© JUNGE FREIHEIT Verlag GmbH & Co. www.jungefreiheit.de 03/05 14. Januar 2005

Was billig ist, kommt in den Korb
Handelsunternehmen: Nach Deutschland kam die Lidl-Kette auch in Ungarn in negative Schlagzeilen
Alexander Barti

Die Handelskette Lidl geriet letztes Jahr durch ein von der Gewerkschaft Verdi angekündigtes "Schwarzbuch" in die Schlagzeilen. Darin wird dem Konzern vorgeworfen, sehr schlecht mit seinen Mitarbeitern umzugehen. Ziel der Publikation sei es, die in viele kleine Subunternehmen verschachtelte Firma aus dem schwäbischen Neckarsulm zur Offenlegung ihrer Bilanzen zu zwingen, um damit Mitbestimmung zu ermöglichen.
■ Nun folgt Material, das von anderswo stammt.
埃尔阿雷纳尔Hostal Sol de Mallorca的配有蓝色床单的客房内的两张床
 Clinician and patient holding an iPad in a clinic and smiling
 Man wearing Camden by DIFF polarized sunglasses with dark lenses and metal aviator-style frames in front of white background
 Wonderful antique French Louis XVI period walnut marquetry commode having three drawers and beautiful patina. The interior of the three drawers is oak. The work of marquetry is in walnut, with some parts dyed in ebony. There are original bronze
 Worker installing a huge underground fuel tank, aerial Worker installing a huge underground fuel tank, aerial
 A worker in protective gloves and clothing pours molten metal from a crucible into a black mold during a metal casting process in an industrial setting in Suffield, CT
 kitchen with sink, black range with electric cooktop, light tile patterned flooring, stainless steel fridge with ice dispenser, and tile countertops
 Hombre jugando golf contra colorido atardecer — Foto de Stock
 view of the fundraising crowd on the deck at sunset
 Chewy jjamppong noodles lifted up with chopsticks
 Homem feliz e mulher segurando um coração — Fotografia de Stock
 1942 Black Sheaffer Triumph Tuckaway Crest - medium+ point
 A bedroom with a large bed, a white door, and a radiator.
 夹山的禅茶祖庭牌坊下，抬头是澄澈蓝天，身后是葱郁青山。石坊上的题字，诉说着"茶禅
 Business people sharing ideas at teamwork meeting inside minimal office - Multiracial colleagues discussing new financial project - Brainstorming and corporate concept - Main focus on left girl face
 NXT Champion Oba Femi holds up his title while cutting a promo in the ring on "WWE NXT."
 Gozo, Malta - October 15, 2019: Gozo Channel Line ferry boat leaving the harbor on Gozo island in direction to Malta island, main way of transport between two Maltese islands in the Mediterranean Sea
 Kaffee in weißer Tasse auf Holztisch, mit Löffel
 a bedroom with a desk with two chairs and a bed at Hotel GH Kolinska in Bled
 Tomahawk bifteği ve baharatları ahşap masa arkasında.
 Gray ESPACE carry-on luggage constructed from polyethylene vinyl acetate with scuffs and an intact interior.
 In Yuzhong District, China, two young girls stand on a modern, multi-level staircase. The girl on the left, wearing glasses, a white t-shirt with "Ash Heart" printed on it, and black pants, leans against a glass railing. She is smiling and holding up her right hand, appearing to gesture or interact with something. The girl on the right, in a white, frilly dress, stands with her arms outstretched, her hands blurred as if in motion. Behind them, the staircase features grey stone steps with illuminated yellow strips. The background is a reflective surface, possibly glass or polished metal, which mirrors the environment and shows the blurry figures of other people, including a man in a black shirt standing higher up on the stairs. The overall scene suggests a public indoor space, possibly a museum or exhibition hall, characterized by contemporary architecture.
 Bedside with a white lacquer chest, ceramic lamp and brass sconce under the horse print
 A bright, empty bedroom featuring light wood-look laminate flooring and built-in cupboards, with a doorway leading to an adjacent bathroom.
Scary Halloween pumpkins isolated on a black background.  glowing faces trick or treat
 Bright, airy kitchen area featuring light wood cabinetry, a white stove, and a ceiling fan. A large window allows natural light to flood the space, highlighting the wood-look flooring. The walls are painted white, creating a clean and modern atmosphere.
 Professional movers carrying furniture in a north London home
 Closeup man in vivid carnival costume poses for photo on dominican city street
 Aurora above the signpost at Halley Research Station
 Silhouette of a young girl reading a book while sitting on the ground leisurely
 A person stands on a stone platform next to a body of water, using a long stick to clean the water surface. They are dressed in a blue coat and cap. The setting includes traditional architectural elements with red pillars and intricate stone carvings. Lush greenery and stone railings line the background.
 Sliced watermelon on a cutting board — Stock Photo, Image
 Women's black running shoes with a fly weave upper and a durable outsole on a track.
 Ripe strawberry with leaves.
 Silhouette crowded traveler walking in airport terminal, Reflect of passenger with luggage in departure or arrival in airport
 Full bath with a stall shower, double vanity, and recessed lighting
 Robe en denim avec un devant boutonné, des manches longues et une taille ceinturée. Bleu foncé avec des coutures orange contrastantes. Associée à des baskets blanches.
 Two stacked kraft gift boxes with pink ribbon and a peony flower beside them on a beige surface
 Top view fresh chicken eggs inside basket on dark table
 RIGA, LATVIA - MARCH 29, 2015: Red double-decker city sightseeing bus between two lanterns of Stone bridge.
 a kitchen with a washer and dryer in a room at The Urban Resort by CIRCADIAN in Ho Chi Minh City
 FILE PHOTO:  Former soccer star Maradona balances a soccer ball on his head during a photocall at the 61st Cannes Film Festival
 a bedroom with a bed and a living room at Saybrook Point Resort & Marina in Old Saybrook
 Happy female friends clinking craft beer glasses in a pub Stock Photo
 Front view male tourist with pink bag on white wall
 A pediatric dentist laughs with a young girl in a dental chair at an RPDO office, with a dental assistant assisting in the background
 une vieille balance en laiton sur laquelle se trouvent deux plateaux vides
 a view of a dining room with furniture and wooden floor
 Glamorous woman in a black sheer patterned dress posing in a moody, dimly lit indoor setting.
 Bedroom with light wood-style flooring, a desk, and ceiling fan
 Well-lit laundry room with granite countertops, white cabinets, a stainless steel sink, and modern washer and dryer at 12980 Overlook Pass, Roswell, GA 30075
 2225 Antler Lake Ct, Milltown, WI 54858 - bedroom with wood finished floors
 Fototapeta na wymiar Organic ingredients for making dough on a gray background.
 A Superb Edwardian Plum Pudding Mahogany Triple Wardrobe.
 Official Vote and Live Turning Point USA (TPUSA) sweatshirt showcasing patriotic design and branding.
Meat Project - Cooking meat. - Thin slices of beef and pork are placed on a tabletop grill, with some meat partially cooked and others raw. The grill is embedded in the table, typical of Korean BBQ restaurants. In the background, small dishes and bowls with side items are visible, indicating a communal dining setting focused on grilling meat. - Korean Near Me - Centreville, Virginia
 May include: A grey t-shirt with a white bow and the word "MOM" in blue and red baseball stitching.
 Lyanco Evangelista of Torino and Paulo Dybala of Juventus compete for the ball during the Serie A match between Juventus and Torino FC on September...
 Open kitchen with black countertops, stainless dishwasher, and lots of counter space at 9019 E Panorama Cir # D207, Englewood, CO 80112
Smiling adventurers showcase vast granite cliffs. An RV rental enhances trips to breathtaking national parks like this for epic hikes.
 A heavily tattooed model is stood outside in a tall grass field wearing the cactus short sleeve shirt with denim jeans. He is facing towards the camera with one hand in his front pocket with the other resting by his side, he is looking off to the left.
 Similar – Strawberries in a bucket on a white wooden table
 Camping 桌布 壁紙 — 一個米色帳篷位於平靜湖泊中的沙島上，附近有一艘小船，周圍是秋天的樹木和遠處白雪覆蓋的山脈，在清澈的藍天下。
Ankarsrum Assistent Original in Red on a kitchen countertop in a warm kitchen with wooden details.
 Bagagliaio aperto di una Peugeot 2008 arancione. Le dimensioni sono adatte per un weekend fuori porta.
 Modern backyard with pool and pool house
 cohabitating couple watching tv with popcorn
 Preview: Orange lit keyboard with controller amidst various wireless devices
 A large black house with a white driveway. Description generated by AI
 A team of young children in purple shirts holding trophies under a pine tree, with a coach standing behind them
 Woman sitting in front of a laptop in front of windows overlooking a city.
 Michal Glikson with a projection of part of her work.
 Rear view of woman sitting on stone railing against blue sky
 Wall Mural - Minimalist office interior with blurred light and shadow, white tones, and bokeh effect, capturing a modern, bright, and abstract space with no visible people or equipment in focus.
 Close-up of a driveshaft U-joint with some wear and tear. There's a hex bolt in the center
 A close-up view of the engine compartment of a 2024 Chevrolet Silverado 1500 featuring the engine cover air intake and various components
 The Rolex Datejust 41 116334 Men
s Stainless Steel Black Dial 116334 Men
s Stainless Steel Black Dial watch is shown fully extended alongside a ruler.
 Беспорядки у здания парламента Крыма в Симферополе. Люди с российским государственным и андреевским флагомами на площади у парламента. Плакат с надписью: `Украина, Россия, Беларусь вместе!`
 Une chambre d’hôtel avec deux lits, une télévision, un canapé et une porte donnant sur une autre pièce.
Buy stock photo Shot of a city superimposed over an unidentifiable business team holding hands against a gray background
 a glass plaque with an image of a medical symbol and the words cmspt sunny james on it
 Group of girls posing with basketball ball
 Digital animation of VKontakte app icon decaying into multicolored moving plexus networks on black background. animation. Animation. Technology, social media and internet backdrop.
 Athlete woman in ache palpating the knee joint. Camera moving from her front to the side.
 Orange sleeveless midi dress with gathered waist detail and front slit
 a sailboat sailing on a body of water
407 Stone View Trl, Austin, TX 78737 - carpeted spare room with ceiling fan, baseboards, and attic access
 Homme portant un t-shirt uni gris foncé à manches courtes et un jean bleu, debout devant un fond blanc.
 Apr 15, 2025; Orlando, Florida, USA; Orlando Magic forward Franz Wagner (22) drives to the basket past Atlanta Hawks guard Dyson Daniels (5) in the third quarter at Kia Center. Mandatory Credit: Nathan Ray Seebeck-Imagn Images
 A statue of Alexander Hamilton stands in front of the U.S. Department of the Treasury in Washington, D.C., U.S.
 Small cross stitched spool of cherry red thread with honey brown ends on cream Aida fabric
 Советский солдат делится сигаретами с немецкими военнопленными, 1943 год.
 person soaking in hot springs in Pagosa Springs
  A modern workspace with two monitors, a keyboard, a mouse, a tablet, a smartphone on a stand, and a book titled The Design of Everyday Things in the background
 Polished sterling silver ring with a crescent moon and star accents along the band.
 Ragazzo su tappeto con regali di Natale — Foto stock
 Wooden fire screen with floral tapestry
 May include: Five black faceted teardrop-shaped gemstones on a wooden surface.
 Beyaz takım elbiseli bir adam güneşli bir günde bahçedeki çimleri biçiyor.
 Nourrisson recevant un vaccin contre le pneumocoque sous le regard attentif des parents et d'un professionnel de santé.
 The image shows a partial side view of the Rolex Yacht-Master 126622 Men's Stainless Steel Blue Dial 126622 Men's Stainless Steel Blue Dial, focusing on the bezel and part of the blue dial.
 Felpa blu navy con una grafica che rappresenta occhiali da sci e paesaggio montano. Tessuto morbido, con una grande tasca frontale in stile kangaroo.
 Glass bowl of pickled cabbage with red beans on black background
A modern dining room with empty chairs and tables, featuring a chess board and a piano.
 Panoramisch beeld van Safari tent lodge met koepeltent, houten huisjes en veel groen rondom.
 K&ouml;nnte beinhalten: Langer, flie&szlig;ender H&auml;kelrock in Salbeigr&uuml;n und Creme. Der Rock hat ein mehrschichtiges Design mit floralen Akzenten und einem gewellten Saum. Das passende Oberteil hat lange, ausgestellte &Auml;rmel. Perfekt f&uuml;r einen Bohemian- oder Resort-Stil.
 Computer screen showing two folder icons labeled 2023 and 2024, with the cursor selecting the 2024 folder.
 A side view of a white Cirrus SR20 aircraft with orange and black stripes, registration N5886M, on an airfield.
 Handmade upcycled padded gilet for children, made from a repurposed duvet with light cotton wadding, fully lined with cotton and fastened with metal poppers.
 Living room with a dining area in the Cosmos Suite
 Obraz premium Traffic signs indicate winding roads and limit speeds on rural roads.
Denn nach dem 1976 eingeführten Mitbestimmungsgesetz muß ein Unternehmen mit mehr als 2.000 Arbeitnehmern beispielsweise einen Betriebsrat erlauben.

Doch bei Lidl herrsche "weitverbreitete Angst, überhaupt einen Betriebsrat in Erwägung zu ziehen", so Verdi-Bundesfachgruppenleiter Ulrich Dalibor. Die Mitarbeiter müßten in diesem Fall mit Sanktionen rechnen. Und nach Jahren des Schweigens auf solche und ähnliche Vorwürfe kündigte das Unternehmen im Dezember eine neue Informationspolitik an. Der 65jährige Lidl-Gründer Dieter Schwarz und sein Geschäftsführer Klaus Gehrig seien nun zu einer offeneren Kommunikationspolitik entschlossen, erklärte Hermann Zimmermann, der ab sofort für die Unternehmensgruppe das Wort ergreift.

"Die Politik der Vergangenheit ist nicht mehr zeitgemäß und einem Unternehmen dieser Größe und dieser Bedeutung nicht angemessen", erklärte der Pressesprecher. Man wolle daher im Frühjahr 2005 erstmals überhaupt ein Pressegespräch veranstalten. Bei der Ankündigung wurden auch erstmals Zahlen auf den Tisch gelegt: "Wir haben innerhalb von drei Jahren den Umsatz um 44 Prozent gesteigert und rechnen für 2004 mit einem Umsatz von 36 Milliarden Euro", sagte Zimmermann.

Zur Schwarz-Gruppe (Kaufland Stiftung, Lidl Stiftung & Co.) gehören neben fast 2.500 Lidl-Märkten unter anderem noch über 450 Märkte und SB-Warenhäuser der Marken Kaufland, Kaufmarkt, Handelshof, Concord, Ruef C+C-Großhandelsmärkte. Insgesamt beschäftigt die Gruppe 151.000 Mitarbeiter in 19 Ländern. Etwa zeitgleich mit dem Schritt an die Öffentlichkeit in Deutschland konnte Lidl eine weitere Expansion im Osten verbuchen. In Ungarn eröffnete man im Dezember auf einen Schlag zehn Läden. Einzig die Errichtung eines riesigen 30.000 Quadratmeter umfassenden Logistikzentrums in Stuhlweißenburg (Székesfehérvár) ließ die Konkurrenz schon Monate vorher erahnen, daß ein "großes Ding" im Anmarsch ist.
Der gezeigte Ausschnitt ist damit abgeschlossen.